Les formations techniques ou artisanales sont malheureusement encore rares. Et, quand elles existent, leurs diplômés sont souvent mal accompagnés à la sortie. Dans les années 2000, la Chambre de Commerce de Dakar avait lancé un programme de formation et de professionnalisation, en enrôlant un millier de teinturiers, couturiers, céréaliers et électriciens et en les invitant à s'inscrire à la fin de la formation au Registre des Métiers.
Combien de personnes ont été intégrées de manière durable, et non sur un seul site ?
Plus de dix ans après, personne ne sait ce que sont devenus ceux qui en ont bénéficié. "Faire passer des emplois de l'informel au formel n'est pas une évidence. Combien de personnes ont été intégrées de manière durable, pas sur un seul site, pour quelques semaines ou quelques mois ? ". Acha Leke, pour qui ces programmes doivent nécessairement être complétés par des formations en gestion et en entrepreneuriat.
Une réponse intéressante au défi de l'informel est donnée par le Rwanda, où l'établissement de règles et de normes de travail passe par la multiplication des coopératives, qui intègrent des centaines de milliers de travailleurs indépendants. "Elles permettent des relations plus normales entre employeurs et employés, avec une forme minimale de protection sociale, et génèrent des revenus supplémentaires et une meilleure régulation", explique Eric Manzi, le secrétaire général de la Centrale des syndicats des travailleurs du Rwanda (Cestrar). Les premiers sont apparus dans la production de thé, puis d'autres sont nés dans les domaines des taxis-motos, du café ou du riz.

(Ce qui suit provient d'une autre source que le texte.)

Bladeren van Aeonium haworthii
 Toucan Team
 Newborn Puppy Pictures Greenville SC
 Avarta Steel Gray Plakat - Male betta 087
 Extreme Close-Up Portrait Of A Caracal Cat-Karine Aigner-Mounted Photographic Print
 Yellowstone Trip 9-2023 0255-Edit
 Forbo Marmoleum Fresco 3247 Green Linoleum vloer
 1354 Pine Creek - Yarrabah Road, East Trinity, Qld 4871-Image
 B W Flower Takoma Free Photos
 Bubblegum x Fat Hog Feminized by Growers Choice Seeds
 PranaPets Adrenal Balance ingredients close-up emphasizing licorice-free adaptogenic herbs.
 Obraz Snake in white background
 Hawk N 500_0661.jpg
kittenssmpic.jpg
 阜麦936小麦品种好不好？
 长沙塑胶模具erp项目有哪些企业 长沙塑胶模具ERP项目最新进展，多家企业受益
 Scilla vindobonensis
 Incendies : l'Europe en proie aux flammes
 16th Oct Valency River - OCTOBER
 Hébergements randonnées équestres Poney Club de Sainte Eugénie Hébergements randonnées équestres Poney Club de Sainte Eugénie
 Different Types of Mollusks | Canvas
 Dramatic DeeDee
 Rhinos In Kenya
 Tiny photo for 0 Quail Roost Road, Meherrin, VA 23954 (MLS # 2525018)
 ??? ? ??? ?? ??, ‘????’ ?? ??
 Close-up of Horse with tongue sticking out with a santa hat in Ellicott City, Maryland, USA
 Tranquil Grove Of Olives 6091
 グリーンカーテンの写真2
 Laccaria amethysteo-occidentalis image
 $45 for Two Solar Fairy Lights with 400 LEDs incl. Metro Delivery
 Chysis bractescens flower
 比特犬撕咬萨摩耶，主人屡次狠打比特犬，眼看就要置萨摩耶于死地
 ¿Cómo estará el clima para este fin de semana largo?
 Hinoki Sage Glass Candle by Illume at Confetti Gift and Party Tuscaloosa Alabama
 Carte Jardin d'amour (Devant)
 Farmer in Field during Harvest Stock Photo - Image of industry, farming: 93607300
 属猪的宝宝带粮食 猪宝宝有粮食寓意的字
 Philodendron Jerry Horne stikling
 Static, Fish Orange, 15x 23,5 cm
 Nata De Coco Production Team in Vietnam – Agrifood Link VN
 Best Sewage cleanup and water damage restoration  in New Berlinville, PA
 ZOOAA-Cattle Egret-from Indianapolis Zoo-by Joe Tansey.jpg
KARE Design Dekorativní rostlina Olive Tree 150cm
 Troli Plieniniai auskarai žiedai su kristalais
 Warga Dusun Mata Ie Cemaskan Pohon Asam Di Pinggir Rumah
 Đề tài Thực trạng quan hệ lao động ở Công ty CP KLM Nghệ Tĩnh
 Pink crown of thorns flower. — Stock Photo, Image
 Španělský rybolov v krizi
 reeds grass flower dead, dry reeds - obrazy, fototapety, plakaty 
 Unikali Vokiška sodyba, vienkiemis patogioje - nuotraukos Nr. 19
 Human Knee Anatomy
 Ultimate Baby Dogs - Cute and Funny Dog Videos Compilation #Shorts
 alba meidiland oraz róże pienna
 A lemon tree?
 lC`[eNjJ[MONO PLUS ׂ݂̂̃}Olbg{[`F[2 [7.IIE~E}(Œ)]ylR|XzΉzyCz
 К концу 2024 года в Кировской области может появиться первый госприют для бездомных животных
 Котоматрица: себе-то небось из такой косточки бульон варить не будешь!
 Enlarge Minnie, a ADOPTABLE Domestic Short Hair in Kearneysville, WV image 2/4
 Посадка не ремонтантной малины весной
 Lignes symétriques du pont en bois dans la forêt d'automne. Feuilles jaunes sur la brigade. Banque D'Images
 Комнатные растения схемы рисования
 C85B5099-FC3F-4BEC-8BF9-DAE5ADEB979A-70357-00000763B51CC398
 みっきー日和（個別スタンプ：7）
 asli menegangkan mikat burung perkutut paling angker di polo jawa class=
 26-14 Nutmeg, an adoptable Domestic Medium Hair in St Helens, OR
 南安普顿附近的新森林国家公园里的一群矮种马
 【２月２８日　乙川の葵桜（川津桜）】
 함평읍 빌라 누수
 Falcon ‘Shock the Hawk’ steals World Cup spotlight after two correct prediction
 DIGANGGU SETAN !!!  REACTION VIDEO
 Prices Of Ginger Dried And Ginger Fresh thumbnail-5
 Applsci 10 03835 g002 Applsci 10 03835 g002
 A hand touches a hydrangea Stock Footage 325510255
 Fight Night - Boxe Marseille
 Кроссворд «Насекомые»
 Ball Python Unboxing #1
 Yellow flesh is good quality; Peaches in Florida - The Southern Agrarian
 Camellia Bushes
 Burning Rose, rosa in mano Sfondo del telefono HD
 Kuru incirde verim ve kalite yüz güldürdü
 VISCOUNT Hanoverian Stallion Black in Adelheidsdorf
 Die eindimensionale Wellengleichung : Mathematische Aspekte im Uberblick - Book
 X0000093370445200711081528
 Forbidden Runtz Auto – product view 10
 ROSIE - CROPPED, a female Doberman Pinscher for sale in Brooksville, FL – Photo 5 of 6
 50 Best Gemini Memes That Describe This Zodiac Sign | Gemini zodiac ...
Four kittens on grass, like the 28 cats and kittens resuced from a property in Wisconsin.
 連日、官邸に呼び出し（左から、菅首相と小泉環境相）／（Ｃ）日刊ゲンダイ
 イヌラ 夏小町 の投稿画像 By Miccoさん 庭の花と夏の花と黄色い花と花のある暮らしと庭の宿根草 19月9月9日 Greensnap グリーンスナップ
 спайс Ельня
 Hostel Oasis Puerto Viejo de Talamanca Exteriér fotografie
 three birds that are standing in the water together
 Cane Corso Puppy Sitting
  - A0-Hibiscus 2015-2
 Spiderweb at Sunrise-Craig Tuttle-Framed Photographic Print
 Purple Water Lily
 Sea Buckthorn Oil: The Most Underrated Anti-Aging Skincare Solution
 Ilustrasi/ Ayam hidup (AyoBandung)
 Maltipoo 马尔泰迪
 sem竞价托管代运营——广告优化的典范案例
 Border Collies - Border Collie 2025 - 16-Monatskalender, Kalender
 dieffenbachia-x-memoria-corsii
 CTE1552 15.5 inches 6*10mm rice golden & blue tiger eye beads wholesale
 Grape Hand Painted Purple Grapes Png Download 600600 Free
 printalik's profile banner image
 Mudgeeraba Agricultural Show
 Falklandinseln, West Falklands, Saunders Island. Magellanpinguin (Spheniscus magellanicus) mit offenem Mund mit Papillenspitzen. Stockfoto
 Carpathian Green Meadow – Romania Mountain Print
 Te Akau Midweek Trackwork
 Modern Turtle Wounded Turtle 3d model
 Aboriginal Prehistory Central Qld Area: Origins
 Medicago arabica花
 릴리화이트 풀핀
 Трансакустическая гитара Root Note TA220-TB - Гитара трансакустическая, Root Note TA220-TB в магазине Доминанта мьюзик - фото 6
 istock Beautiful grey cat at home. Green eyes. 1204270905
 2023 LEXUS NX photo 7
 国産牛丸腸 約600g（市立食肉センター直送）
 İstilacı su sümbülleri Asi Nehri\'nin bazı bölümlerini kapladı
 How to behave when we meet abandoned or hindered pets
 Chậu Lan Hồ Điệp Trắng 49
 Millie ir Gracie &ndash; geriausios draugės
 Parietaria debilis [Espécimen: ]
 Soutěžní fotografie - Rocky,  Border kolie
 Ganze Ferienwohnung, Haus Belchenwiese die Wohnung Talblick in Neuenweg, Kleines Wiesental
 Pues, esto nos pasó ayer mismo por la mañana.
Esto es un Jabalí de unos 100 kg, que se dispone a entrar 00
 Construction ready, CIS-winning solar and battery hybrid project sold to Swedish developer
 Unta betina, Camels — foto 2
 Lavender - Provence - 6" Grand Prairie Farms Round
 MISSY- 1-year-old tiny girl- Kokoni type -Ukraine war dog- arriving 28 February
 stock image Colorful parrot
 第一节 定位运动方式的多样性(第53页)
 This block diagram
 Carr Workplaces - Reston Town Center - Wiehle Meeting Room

Les Etats pourraient également jouer un rôle décisif dans les mines, vis-à-vis des dizaines de milliers de mineurs artisanaux qui travaillent dans des conditions souvent lamentables, en conditionnant l'exercice de leur activité au respect des règles de sécurité et environnementales.
Au Ghana, au Mozambique et au Burkina Faso, des périmètres d'excavation ont été réservés aux mineurs artisanaux, qui ont dû acquérir des équipements adaptés à leurs activités (pompes, marteaux piqueurs, broyeurs...), notamment grâce à l'appui d'organismes de micro-crédit.
Dernière piste pour opérer cette transition entre informel et formel : les applications mobiles. Ammin Yusuf, le fondateur d'Afrobytes, un incubateur parisien de pépites africaines du numérique, y croit dur comme fer. Selon lui, les prestataires de services qui trouvent leurs clients grâce à des applications d'intermédiation - comme les plateformes d'hébergement (Airbnb, Vizeat), de taxi (Uber) ou de livraison de plats préparés (Deliveroo) - entreront un jour dans le circuit grâce à des accords avec les gouvernements africains, à l'image de ce qui se passe en Europe et aux États-Unis.